E o brasil? Bem, o Brasil é um caso a parte. A crise sanitária encontrou um terreno fértil para aprofundar as suas desgraças.

Mas não entrarei nesse cipoal agora.

O Brasil está profundamente dividido quanto a Pandemia. O Governo brasileiro imputa a desorganização da economia a estratégia de Isolamento Social, usada pela saúde pública e adotada pelos governadores, para enfrentar a Peste. “Vocês vão quebrar o Brasil”, é o chavão dominante.

O fato de a quebra da economia mundial ser decorrente da própria Pandemia, inerente a crise sanitária, no Brasil não conta. A responsabilidade no Brasil será atribuída ao Isolamento Social. Ouvi de um líder negacionista: “estamos plantando para colher depois. Os mortos o povo esquece, mas o desemprego será permanente.”

Podemos esperar escrúpulos da luta política no Brasil, nesse momento?
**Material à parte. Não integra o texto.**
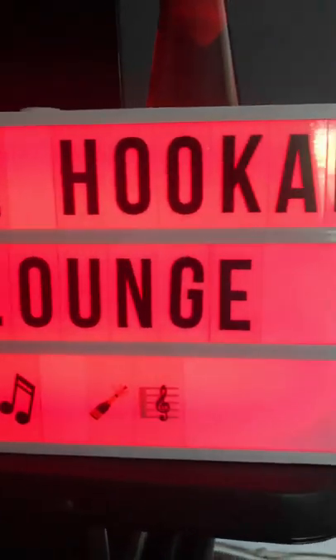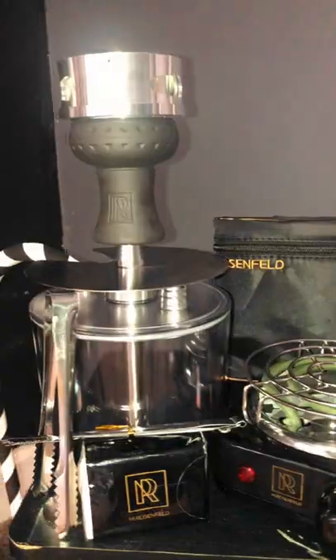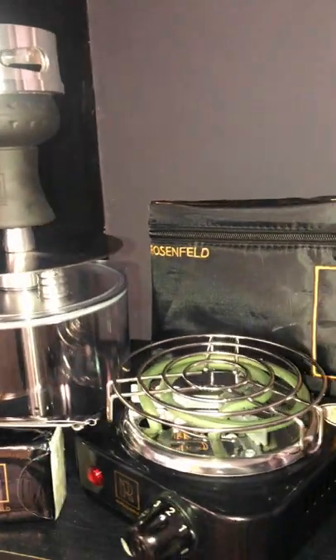I just received my hookah set as well as my light marquee and I am in love with it. This hookah set heats up in three to four minutes and it came with some accessories like tongs, extra fittings, and some napkins.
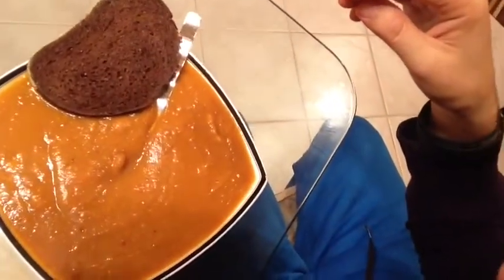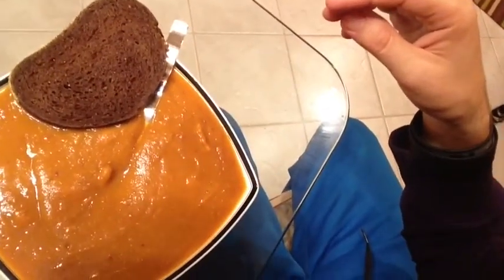I'm going to give it some pumpernickel bread. See you later. Sweet potato soup is good for you.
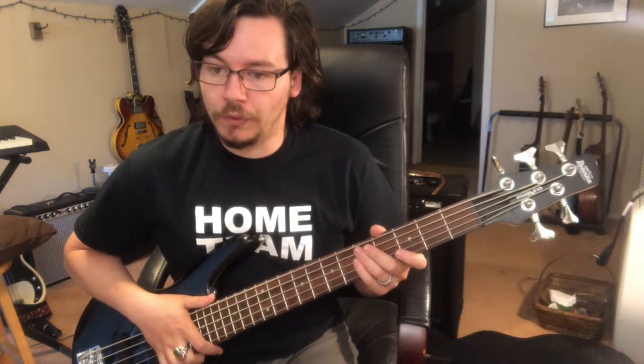My assessment is that this is a fantastic bass if you're looking for a budget bass, a first bass, or a simple giggable bass that you don't mind tossing in the backseat or letting it knock around on stage a little bit. Under $200, this is a fantastic deal.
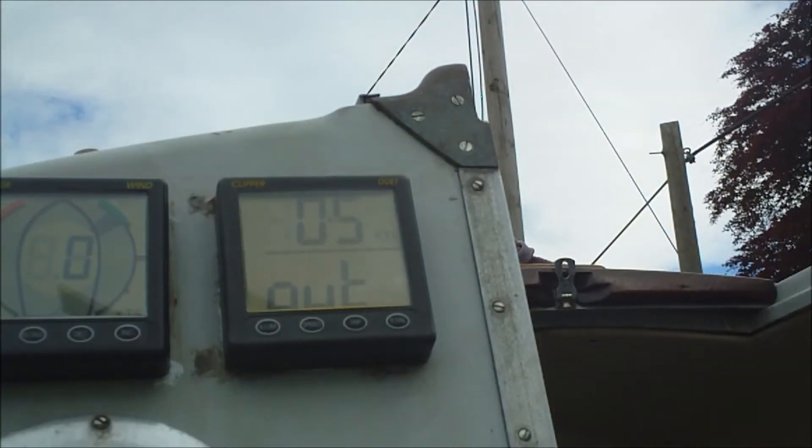I couldn't test it on the water so what I did was I placed the camera to record the display and I just went in and spun the paddle wheel myself.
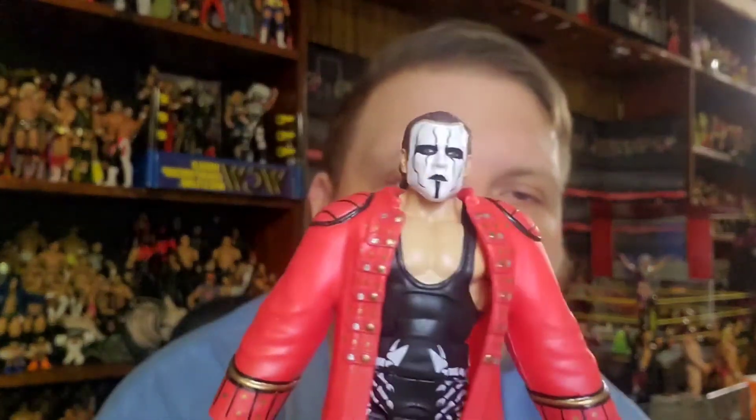Pretty cool overall — a nice solid figure. Let's do a side by side with the Mattel Sting. So there's Stinger from Mattel and AEW Stinger. Definitely a better face scan on the AEW Sting. The head looks a little better — the Mattel one came out a little squarish, and I'm not sure what they were going for, because most other Sting figures didn't have that square head, especially that first Defining Moments which was a little better.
Não importa que a estratégia do isolamento seja mundial, recomendada pela OMS, pela imensa maioria dos cientistas, pelas evidências epidemiológicas, nada disso vale. O governo federal decidiu que o isolamento é desnecessário, e até criminoso.

O Isolamento Social pode agravado pelo lockdown (fechamento completo de algumas cidades), que a saúde pública pode aconselhar, dependendo da gravidade de propagação da Pandemia e da insuficiência da rede assistencial. Muitos óbitos, sem a devida assistência, podem obrigar ao fechamento.

No Brasil, algumas cidades já estão enfrentando o fechamento total.

Todos os recursos e argumentos são utilizados para condenar o isolamento social: Da sua ineficácia a negação dos dados. Já ouvi muito: essa mortalidade foi inventada pela imprensa, para criar medo e pânico. Não é bem assim, não existe esses mortos todos.

Os argumentos são políticos, qualquer justificativa é aceita, desde que reforce a narrativa que o isolamento social quebrou a economia. A versão vale mais que a verdade. Os argumentos não necessitam de comprovação. Existe um convencimento prévio, esperando uma justificativas.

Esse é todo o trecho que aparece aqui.